Whole brain connectivity of the motor network

Finally, we investigated the impact of head motion on large-scale networks, specifically the motor network. To define the motor network for the group, we warped all fMRI scans onto a spatiotemporal fetal brain atlas49. To minimize the error during the alignment procedure, individual scans were warped to a brain atlas in two steps: (1) warp to an age-matched CRL template, (2) and re-warped to 32 weeks CRL brain template. For each scan, using the right precentral region (Fig. 6A) as the seed region of seed-based correlational analysis, we estimated a connectivity strength map reflecting the correlation between fMRI activity at the seed region and fMRI fluctuations over the whole brain. Individual Pearson correlation maps were transformed into Fisher’s z-score maps and averaged.

Next, we examined the effect of head motion on whole brain connectivity of the motor network by contrasting statistical parametric maps of low- versus high-motion groups. Each subgroup comprised 10% of the scans (~ 12 out of 120 data sets). The top 10% with the lowest mean FD were categorized as the low-motion group and vice versa for the higher-motion group. As mean FD was measured after censoring, groups with low/high motion were defined for each censoring condition.
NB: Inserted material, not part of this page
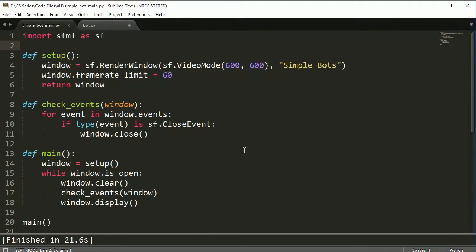Hey everybody, welcome back. This is part two. I'm trying to keep these videos nice and short so nothing's hopefully going to be over 10 minutes. In this video, all we're going to do is create the attributes of our bot and we'll just test it and draw it to the screen.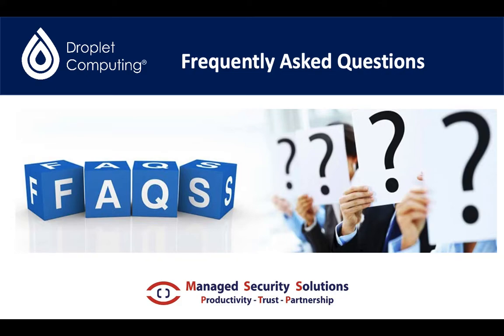In this video I will highlight some of the key questions that I get regarding Droplet computing and hopefully you find this video of benefit. Thanks very much for watching.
The significance of within-group connectivity patterns was tested using a one-sample t-test with clustering-extent-based threshold (min cluster # = 40 with uncorrected p < 0.01). The group-wise difference in connectivity patterns was tested using a two-sample t-test with the same cluster-based statistical threshold. The size of the group-level effect of head motion was evaluated by counting the number of significantly different voxels between high- vs. low-motion groups and individual clusters.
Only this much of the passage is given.